Des scientifiques en désaccord sur la plus ancienne sculpture de pénis au monde
Des scientifiques sont divisés sur l’existence d’une nouvelle « plus ancienne représentation anthropomorphe sexuée connue », sous la forme d’un pendentif en graphite sculpté de 4,3 cm que les archéologues de l’université de Bordeaux pensent être un pénis.
Image d’entête, à partir de l’étude : trois vues de l’ancien objet trouvé en Mongolie, présentant une rainure centrale et une rainure supérieure perpendiculaire. (S.Rigaud et col./ Scientific Reports)
S’il s’agit bien d’un pénis, il n’est pas très beau. Ou alors, quelqu’un du paléolithique avait vraiment besoin de voir un médecin. Cependant, tous les objets ressemblant à des pénis ne sont pas fabriqués en pensant aux organes génitaux. Tous les chercheurs ne sont donc pas convaincus.
Ce n’est même pas comme si l’objet criait « organe sexuel ». Curtis Runnels, archéologue à l’université de Boston, qui n’a pas participé à l’étude récente, a déclaré dans Science que l’ornement semblait « plutôt informe », et à première vue, il est difficile de ne pas être d’accord.
Mais qu’il ressemble ou non à une boule, pour l’archéologue Solange Rigaud, de l’université de Bordeaux, et ses collègues, tout est dans les détails.
L’ornement rainuré, baptisé T21, a été découvert sur un site archéologique en Mongolie en 2016. Les experts ne l’ont dépoussiéré que récemment pour l’examiner de plus près. Ils estiment que l’objet a entre 39 500 et 42 200 ans, ce qui situe sa création au Paléolithique supérieur.
Sur le corps de l’ornement, qui mesure 4 centimètres de long, se trouvent deux rainures réalisées à l’aide d’un outil en pierre pointu. La plus profonde entaille entoure la partie centrale de l’ornement, tandis que l’autre est courte et profonde, partant du haut de l’ornement vers le bas. Les chercheurs pensent que la première incision a été conçue pour représenter le gland d’un pénis, tandis que la seconde a été sculptée pour ressembler à un orifice urétral.

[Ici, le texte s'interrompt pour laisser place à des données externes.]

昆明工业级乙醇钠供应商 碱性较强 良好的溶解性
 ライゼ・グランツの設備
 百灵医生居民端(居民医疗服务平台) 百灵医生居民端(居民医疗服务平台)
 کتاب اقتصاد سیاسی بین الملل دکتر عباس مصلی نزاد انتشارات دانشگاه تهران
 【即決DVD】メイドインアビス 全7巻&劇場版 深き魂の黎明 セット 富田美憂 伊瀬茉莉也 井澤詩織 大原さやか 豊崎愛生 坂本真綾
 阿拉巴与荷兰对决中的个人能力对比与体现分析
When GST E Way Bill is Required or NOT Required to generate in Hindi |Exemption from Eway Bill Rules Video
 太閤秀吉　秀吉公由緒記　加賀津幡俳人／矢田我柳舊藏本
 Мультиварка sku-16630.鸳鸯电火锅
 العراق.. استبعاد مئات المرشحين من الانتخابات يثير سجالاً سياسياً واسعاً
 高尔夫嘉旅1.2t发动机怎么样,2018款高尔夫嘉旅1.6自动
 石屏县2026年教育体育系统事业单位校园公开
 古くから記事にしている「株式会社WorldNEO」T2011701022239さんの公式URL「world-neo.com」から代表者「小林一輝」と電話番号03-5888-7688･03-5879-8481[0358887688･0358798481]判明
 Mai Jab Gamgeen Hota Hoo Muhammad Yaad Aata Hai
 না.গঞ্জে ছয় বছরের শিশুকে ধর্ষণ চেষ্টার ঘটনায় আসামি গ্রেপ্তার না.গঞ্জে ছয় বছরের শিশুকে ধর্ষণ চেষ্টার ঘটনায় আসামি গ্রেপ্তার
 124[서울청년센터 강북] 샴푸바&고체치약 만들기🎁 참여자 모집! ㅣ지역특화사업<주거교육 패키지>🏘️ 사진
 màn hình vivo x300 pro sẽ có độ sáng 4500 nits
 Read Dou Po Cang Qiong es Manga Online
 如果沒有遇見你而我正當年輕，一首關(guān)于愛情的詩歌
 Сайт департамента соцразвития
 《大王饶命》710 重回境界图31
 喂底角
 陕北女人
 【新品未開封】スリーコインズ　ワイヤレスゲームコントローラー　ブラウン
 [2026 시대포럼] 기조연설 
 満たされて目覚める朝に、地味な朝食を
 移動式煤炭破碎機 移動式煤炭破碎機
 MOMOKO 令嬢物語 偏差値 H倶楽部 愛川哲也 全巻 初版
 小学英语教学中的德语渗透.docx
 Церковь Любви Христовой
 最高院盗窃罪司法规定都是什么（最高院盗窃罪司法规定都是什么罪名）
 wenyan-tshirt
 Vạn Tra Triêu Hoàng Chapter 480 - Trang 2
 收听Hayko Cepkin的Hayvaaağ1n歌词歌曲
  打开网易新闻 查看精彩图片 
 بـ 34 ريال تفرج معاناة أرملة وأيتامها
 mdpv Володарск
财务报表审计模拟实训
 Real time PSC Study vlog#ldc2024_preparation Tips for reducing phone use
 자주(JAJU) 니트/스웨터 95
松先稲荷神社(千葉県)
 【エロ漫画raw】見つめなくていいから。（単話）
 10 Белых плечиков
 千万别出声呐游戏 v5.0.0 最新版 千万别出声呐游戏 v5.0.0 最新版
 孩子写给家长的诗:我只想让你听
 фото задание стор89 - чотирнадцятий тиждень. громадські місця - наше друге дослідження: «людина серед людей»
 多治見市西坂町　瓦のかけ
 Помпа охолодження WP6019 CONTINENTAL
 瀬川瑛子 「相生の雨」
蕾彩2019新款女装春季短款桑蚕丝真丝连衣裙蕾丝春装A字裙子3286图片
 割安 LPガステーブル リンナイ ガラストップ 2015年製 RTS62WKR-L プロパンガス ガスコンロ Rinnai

A partir de l’étude : l’équipe de chercheurs a pris des photos au microscope et a réalisé une minutieuse reconstitution en 3D de la prétendue sculpture de pénis. (S. Rigaud et col./ Scientific Reports)
Les mêmes caractéristiques peuvent être observées sur un galet en pierre de 20 centimètres de long trouvé en Allemagne, datant d’il y a 28 000 ans et considéré comme l’une des plus anciennes représentations de la sexualité masculine découvertes à ce jour. Il pourrait également avoir été utilisé comme outil, éventuellement pour tailler des silex. L’artefact de Mongolie n’est pas aussi clairement reconnaissable, mais si les chercheurs ont raison et qu’il est conçu pour ressembler à un pénis, il pourrait s’agir de la plus ancienne utilisation symbolique d’organes génitaux humains trouvée jusqu’à maintenant.
La face arrière de l’ornement est aplatie et tellement brillante et lisse que les chercheurs pensent qu’elle était probablement portée fréquemment sur la poitrine d’une personne, maintenue en place par un cordon enroulé autour de la rainure centrale.
Selon les chercheurs :
Dans l’ensemble, le modèle d’utilisation et d’usure est cohérent avec la suspension du pendentif en contact avec un matériau mou pendant une période prolongée.
La raison pour laquelle un chasseur ou un cueilleur aurait porté ce pendentif n’est pas claire. De loin, les chercheurs affirment qu’il est difficile de distinguer la forme du pénis, ce qui signifie qu’il n’a probablement pas été utilisé comme signal. Il aurait plutôt été porté pour des raisons personnelles ou spirituelles. À Rome, on pensait que les motifs de pénis favorisaient la fertilité ou éloignaient les mauvais esprits.
L’utilisation d’ornements personnels en Eurasie, comme les pendentifs en coquillage, remonte à environ 45 000 ans, mais la représentation de figures humaines est plus tardive dans les archives archéologiques de cette région.
D’anciennes statues Vénus, trouvée en Autriche (lien ci-dessous) et en Allemagne, par exemple, représentent la figure féminine de la tête aux pieds d’une manière qui était probablement aussi symbolique, mais elles n’ont qu’environ 30 000 à 40 000 ans.
Par rapport à une œuvre d’art représentant un corps entier, la détection d’un pénis isolé peut s’avérer délicate, en particulier lorsqu’un artefact de type phallique peut avoir plus d’un usage.
Un curieux outil en bois décrit plus tôt cette année (lien ci-dessous), par exemple, pourrait être un godemiché vieux de 2 000 ans ou un fuseau utilisé pour filer de la fibre. Peut-être était-ce les deux à la fois.
Il est toujours possible que le pendentif découvert en Mongolie ait été façonné à des fins purement pratiques, mais les chercheurs maintiennent que, sur la base de leur analyse, « l’interprétation la plus convaincante du pendentif T21 est une représentation phallique simplifiée ».
L’étude publiée dans Nature Scientific Reports : Symbolic innovation at the onset of the Upper Paleolithic in Eurasia shown by the personal ornaments from Tolbor-21 (Mongolia) et l’interview de Curtis Runnels sur cette analyse dans Science : 42,000-year-old Mongolian pendant may be earliest known phallic art.